Research & News

Research at CBM

Research is integral to CBM and underpins all of our activities. CBM’s research seeks to engage in groundbreaking and rigorous academic research, utilising our in-house technology platform. Our research is aimed at providing practical and innovative solutions to industrial problems.

PhD researchers are integral to CBM’s research activities. Our researchers have full access to CBM’s staff and expertise, product development tools and additive manufacturing technology to support their research. Our PhD students thus play a key role in developing the research profile of the centre and enhancing our capabilities. Staff within CBM have extensive experience of successfully managing the PhD process to ensure the successful completion of the PhD degree, and that a skilled and adept researcher emerges at the end of the process.retin-a gel

CBM welcomes enquiries from prospective students interested in pursuing PhD research in areas that complement CBM’s areas of activity, and who wish to be part of a research-intensive, commercially focused environment

New Research Opportunities Coming Soon…

Previous PhD Projects

Additive-Manufactured Tissue Engineering Scaffolds

Researcher: Dr M. Nauman Jalil

The development of three-dimensional cell culture in Tissue Engineering often requires the use of a scaffold structure to act as a temporary artificial extracellular matrix for cells. This work proposes triply periodic minimal surfaces (TPMS) as a potential candidate for accommodating the requirements for 3D cell culture. Scaffold geometries designed in Rhinoceros 3D are evaluated using a protocol developed in the visual programming language Grasshopper. Additive manufacturing technologies are employed to fabricate these scaffold geometries, and micro-CT reconstructed models of 3D printed scaffolds are compared to determine fabrication accuracy. 3D printed scaffolds are also qualitatively evaluated for the purposes of 3D cell culture. The results of this work show that TPMS geometries may be a suitable candidate for scaffolds with bio-mimetic architecture and how a CAD-based 3D pore profiler tool can be applied at the design phase to integrate variable but uniform 3D pore profiles optimised for specific cell types.
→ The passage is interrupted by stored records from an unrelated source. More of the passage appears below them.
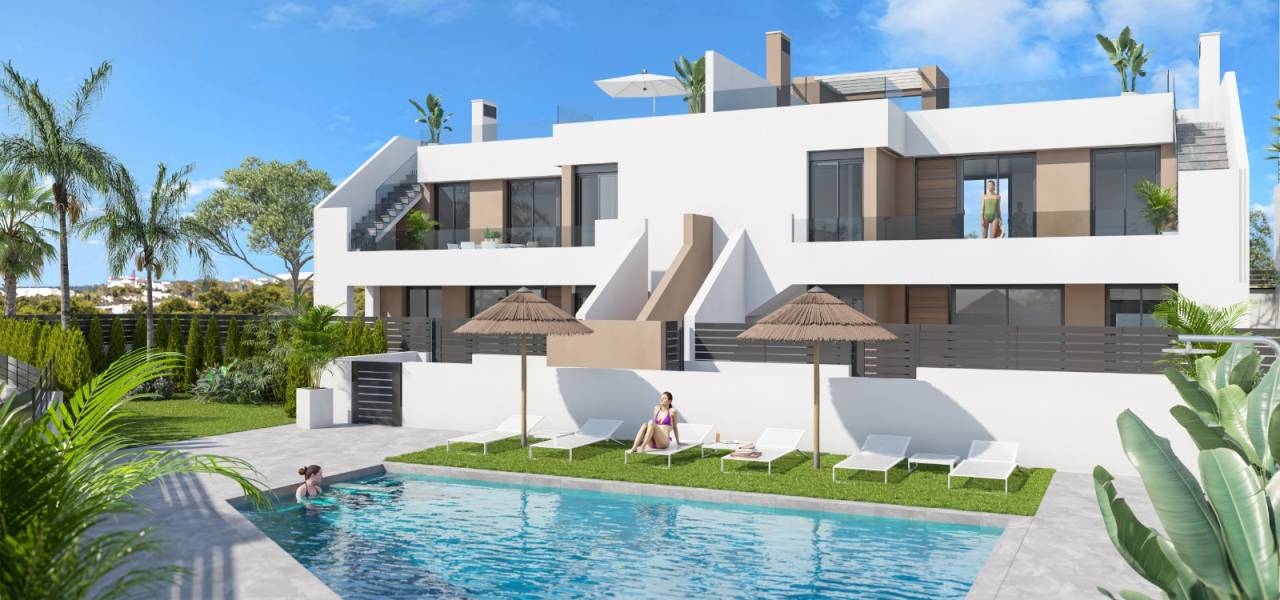 Bungalow de 2 o 3 dormitorios en Vera Playa, Almería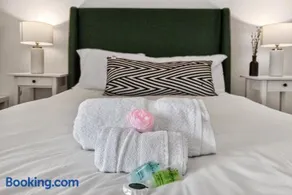 2BR Ensuite Stay with Parking - Cozy & Central - Image 4
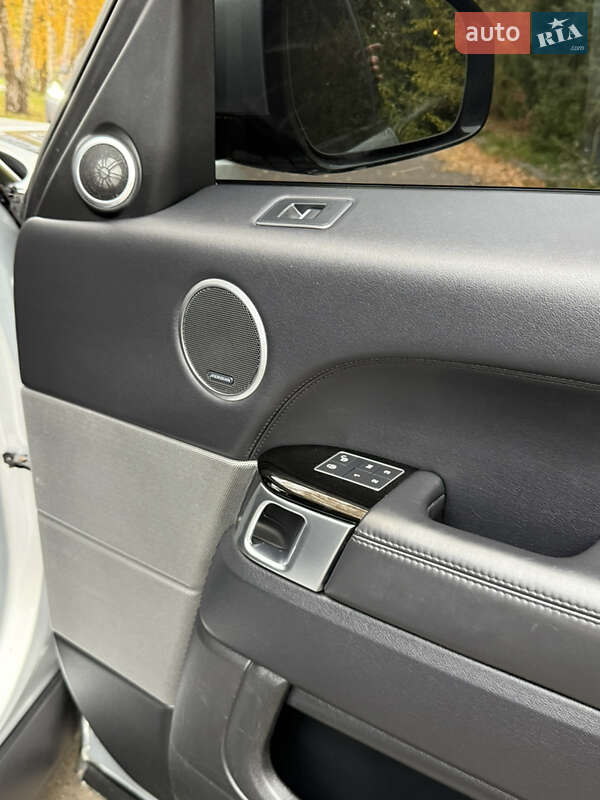 Позашляховик / Кросовер Land Rover Range Rover Sport 2016 в Рівному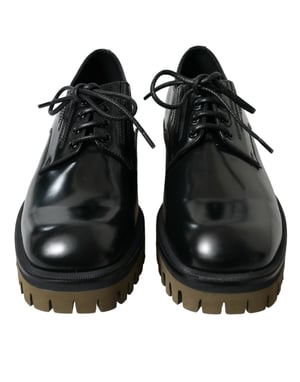 Lackleder Oxfords Schnürstil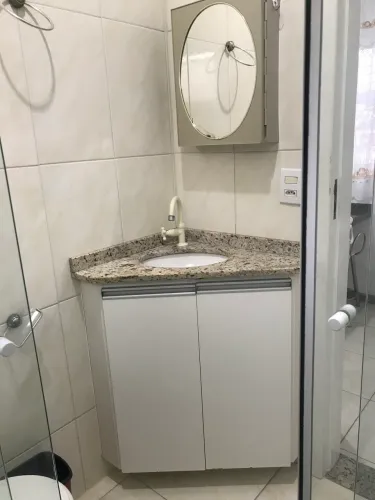 Alugo quitinete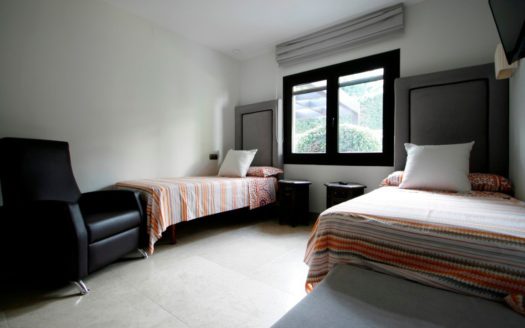 Villa de 5 dormitorios en Nueva Andalucia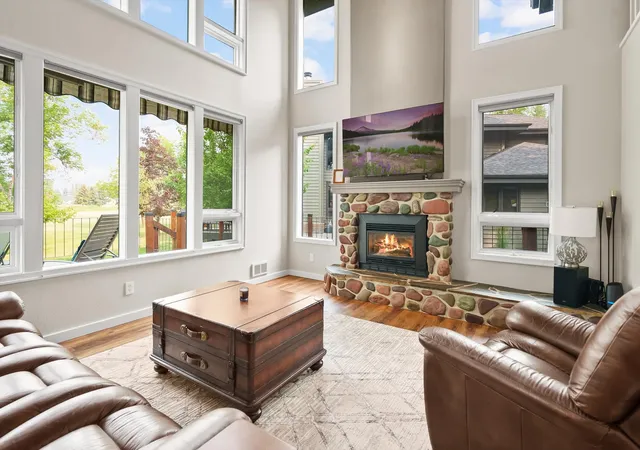 Photo 3 of Townhouse for sale at 257 Eagle Bnd Dr, Bigfork, MT 59911 | MLS# 30076680 | Listing updated on 2026-09-14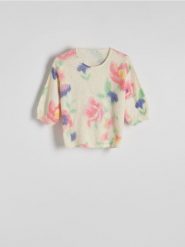 Wzorzysty sweter z krótkimi rękawami - wielobarwny. Swetry damskie Reserved, l, bez wzorów, z dzianiny, bez kołnierzyka, bez ramiączek, krótkie, bez kaptura. W wyprzedaży za 89.99 zł.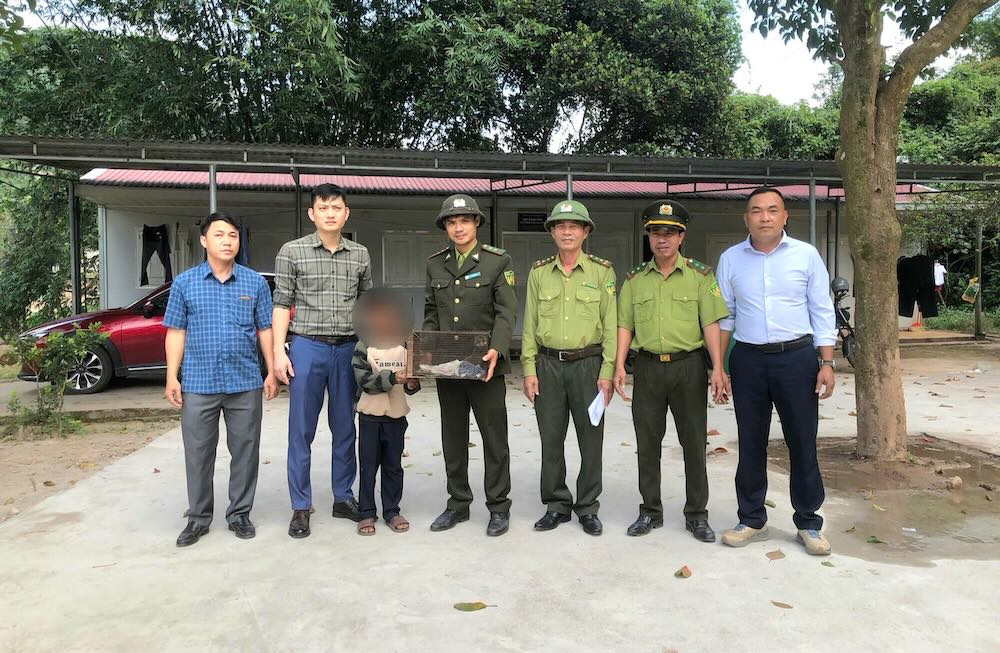 Lực lượng kiểm lâm tiếp nhận cá thể rái cá. Ảnh: H.Nguyên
Reducing the risk associated with 3D-printed implants

Researcher: Dr Akash Gupta

Full text available at: Sage Journals

Despite several advantages offered by metal AM technologies, a major challenge lies in the determination of failure modes associated with bespoke implants. This is because each implant geometry is fabricated for a single-time use only, and this induces patient-specific uncertainties that need to be addressed during the design phase for each implant. Therefore, this research encompasses several factors, including consistency of EBM manufacturing process, anisotropy in anatomical structures, variability in boundary conditions and evaluation of static & dynamic response of implants through probabilistic numerical analysis. Simulation for robustness through Finite Element (FE) analysis facilitated in quantifying the failure probability associated with each implant design. The methodology developed in this research was assessed across several retrospective studies; the approach proved viable in computing the failure probability for all distinct implant scenarios. A low probability of failure was simulated for implants that are operational to date, and the approach successfully simulated a high probability of failure for a failed implant. The researcher believes that with the employment of suitable tools for data acquisition and manipulation, this methodology can be integrated into the design phase for any weight-bearing implant to determine the robustness as well as compute the associated risk prior to manufacturing.

Orthoses Design Optimisation

Researcher: Dr Ilja Asanovic

Full text available at: Taylor and Francis online

This research study describes the development of a multidisciplinary systematic 3D scan manipulation procedure which addresses the main limitations in the current digitised splinting approach: (a) automates routine orthoses modelling tasks, (b) makes it possible to restore a splinting posture by virtually articulating the hand segment on acquired 3D scan geometry.

The developed systematic 3D scan manipulation procedure in this research study comprises custom algorithms, created in CAD modelling system Rhinoceros V6, generative design plug-in Grasshopper 3D, and an object-oriented programming component GhPython which was adapted for routine design tasks automation. This research project also involved the development and validation of a software prototype with a group of occupational therapists.

The developed systematic design procedure eliminates the need for intermediate polygonal 3D scan mesh surface conversion (reverse engineering) into parametric NURBS surfaces. Moreover, the developed design procedure makes it possible to automatically align an imported custom 3D scan geometry, virtually articulate the hand segment, and to rapidly extract three different types of manifold orthoses CAD models which are suitable for rapid AM fabrication.